▶ _ASSIGNMENT_:
The full set of entries, reproduced exactly, is the expected answer.

== EXTRACTED INFORMATION ==

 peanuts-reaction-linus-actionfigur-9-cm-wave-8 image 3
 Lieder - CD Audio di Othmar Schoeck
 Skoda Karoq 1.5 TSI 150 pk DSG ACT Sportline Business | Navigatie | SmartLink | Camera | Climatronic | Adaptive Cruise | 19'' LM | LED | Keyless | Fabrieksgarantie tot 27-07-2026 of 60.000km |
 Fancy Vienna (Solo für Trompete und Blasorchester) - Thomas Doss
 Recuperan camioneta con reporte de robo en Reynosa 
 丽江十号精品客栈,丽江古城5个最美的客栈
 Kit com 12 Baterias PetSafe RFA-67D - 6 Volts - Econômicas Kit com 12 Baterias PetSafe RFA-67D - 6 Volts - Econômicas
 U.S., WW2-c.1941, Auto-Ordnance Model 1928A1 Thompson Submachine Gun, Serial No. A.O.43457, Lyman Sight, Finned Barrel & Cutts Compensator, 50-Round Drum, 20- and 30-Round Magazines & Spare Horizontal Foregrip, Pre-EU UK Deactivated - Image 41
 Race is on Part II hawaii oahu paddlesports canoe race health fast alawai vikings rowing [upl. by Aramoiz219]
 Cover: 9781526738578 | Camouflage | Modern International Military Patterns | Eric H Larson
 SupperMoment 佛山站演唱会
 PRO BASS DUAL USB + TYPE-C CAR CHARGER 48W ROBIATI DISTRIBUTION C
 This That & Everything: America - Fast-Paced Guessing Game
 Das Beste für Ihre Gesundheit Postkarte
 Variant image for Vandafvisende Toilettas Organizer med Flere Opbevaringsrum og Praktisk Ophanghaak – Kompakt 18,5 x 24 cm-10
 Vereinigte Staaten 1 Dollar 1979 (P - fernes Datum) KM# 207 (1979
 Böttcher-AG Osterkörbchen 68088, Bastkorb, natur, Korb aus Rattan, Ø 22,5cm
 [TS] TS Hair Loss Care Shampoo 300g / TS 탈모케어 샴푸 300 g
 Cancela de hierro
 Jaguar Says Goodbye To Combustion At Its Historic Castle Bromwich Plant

===

▶ _WRITTEN RESPONSE_:
 peanuts-reaction-linus-actionfigur-9-cm-wave-8 image 3
 Lieder - CD Audio di Othmar Schoeck
 Skoda Karoq 1.5 TSI 150 pk DSG ACT Sportline Business | Navigatie | SmartLink | Camera | Climatronic | Adaptive Cruise | 19'' LM | LED | Keyless | Fabrieksgarantie tot 27-07-2026 of 60.000km |
 Fancy Vienna (Solo für Trompete und Blasorchester) - Thomas Doss
 Recuperan camioneta con reporte de robo en Reynosa 
 丽江十号精品客栈,丽江古城5个最美的客栈
 Kit com 12 Baterias PetSafe RFA-67D - 6 Volts - Econômicas Kit com 12 Baterias PetSafe RFA-67D - 6 Volts - Econômicas
 U.S., WW2-c.1941, Auto-Ordnance Model 1928A1 Thompson Submachine Gun, Serial No. A.O.43457, Lyman Sight, Finned Barrel & Cutts Compensator, 50-Round Drum, 20- and 30-Round Magazines & Spare Horizontal Foregrip, Pre-EU UK Deactivated - Image 41
 Race is on Part II hawaii oahu paddlesports canoe race health fast alawai vikings rowing [upl. by Aramoiz219]
 Cover: 9781526738578 | Camouflage | Modern International Military Patterns | Eric H Larson
 SupperMoment 佛山站演唱会
 PRO BASS DUAL USB + TYPE-C CAR CHARGER 48W ROBIATI DISTRIBUTION C
 This That & Everything: America - Fast-Paced Guessing Game
 Das Beste für Ihre Gesundheit Postkarte
 Variant image for Vandafvisende Toilettas Organizer med Flere Opbevaringsrum og Praktisk Ophanghaak – Kompakt 18,5 x 24 cm-10
 Vereinigte Staaten 1 Dollar 1979 (P - fernes Datum) KM# 207 (1979
 Böttcher-AG Osterkörbchen 68088, Bastkorb, natur, Korb aus Rattan, Ø 22,5cm
 [TS] TS Hair Loss Care Shampoo 300g / TS 탈모케어 샴푸 300 g
 Cancela de hierro
 Jaguar Says Goodbye To Combustion At Its Historic Castle Bromwich Plant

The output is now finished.